De acordo com dados obtidos junto à Inspetoria Geral das Polícias Militares, órgão do Exército Brasileiro, as PM do país contavam, em 2018, com um efetivo total de 417.451 pessoas. Se considerarmos os efetivos fixados pelas diferentes leis estaduais, essa quantidade de policiais militares representa um déficit de 32,5% em relação aos 618.556 policiais previstos pelas Leis (figura 1)

O gráfico 1 revela também que, se desagregarmos o efetivo por carreiras e patentes, vamos verificar que o déficit de 32,5% é médio, pois entre os praças (cabos e soldados), o déficit é maior ainda, da ordem de 38,1%. Entre os oficiais, o déficit seria de 27,8% e, entre os suboficiais (subtenentes e sargentos), de 17,9%. Porém, esses valores são apenas parte da questão, exigindo que sejam considerados aspectos subnacionais e se discuta os critérios adotados para a fixação dos efetivos pelas referidas leis.

Segundo o gráfico 2, todavia, não bastassem essas distorções entre os postos intermediários de supervisão policiais, quando observamos os dados referentes ao posto de Coronel PM, topo da carreira de oficiais PM, iremos notar que várias Unidades da Federação estão privilegiando o topo da carreira, com casos em que a quantidade existente é superior até mesmo ao limite legal.

Esse não é um padrão para todos os postos de oficiais, mas bastante realçado entre os Coroneis PM. 14 Unidades da Federação possuem, segundo os dados da IGPM/EB, mais coroneis PM ativos do que o limite fixado pelas legislações locais. São elas: Alagoas, Amazonas, Bahia, Ceará, Distrito Federal, Espírito Santo, Maranhão, Mato Grosso, Pará, Paraíba, Paraná, Rio de Janeiro, Rio Grande do Norte, Rondônia e Sergipe.

Entretanto, proporcionalmente, 4 UF chamam bastante atenção. Rio de Janeiro tem o maior número absoluto de coronéis na ativa do Brasil (104) e 33% mais postos ocupados do que os previstos na legislação. Amazonas e Rio Grande do Norte têm 50% mais coronéis ativos do que o limite previsto (Os dados do RN fornecidos pela IGPM são diferentes daquele da legislação loca, que prevê 21 coronéis PM, ou seja, se este número fosse o adotado, o estado teria 42,7% mais postos ativos de coronéis do que o previsto e não 50%). Pará tem um percentual ainda maior de coronéis da ativa, com 75,7%. Mas é Rondônia que supera todas as UF e, proporcionalmente, tem 77,8% mais postos ativos do que previstos.

Várias são as explicações para este fenômeno, mas, objetivamente, o que eles representam na gestão das PM hoje no país não é consenso. Há distorções que priorizam o topo da hierarquia policial militar que precisariam ser mais bem avaliadas e novos modelos de gestão adotados.

Isso porque, nesse momento, não apenas o R200 está sendo rediscutido.

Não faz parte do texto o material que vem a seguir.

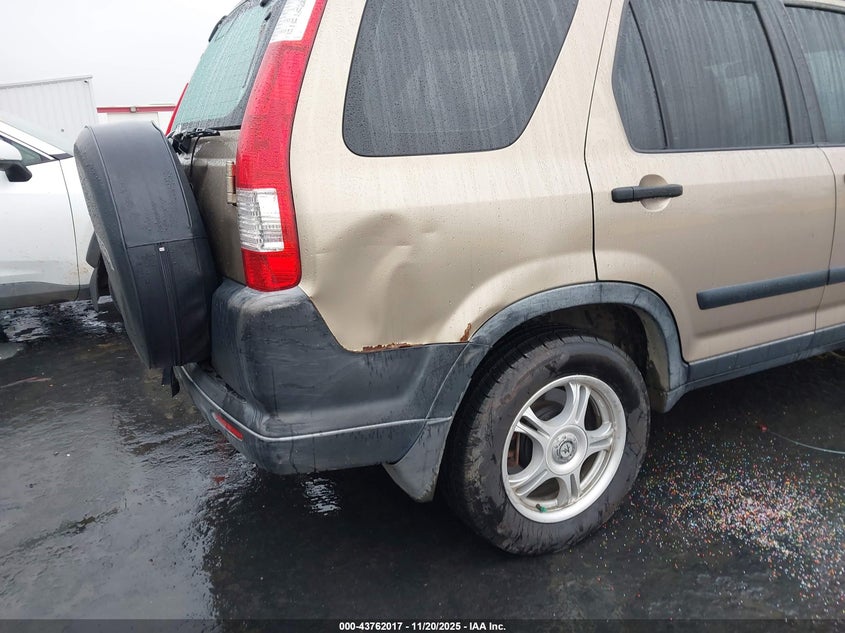 2005 Honda Cr-V Lx VIN: JHLRD68535C016863 Lot: 43762017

O Congresso está discutindo a adoção do termo circunstanciado pelas PM, carreira única, ciclo completo e outras soluções para modernizar as polícias no país. Mas, se não considerarmos as estruturas vigentes, dificilmente avançaremos. Há uma concentração de poder real que deve ser refletida, até para a formulação de novos planos de cargos e salários e programas de valorização profissional.

Na prática, com o modelo vigente, mudanças que não foquem em mecanismos de coordenação e governança e em critérios objetivos de controle externo, monitoramento e avaliação só concentrarão poder nas mãos de um pequeno número de profissionais, com quase ou nenhuma contrapartida na qualidade do serviço prestado à população, já que as UF com as estruturas mais verticalizadas não necessariamente são as com menores índices de criminalidade.

Em outras palavras, reformas substantivas virão quando mecanismos de supervisão, controle e transparência estiverem valorizados e implementados, com o uso de novas tecnologias e com a participação da sociedade e de outros Órgãos de Estado.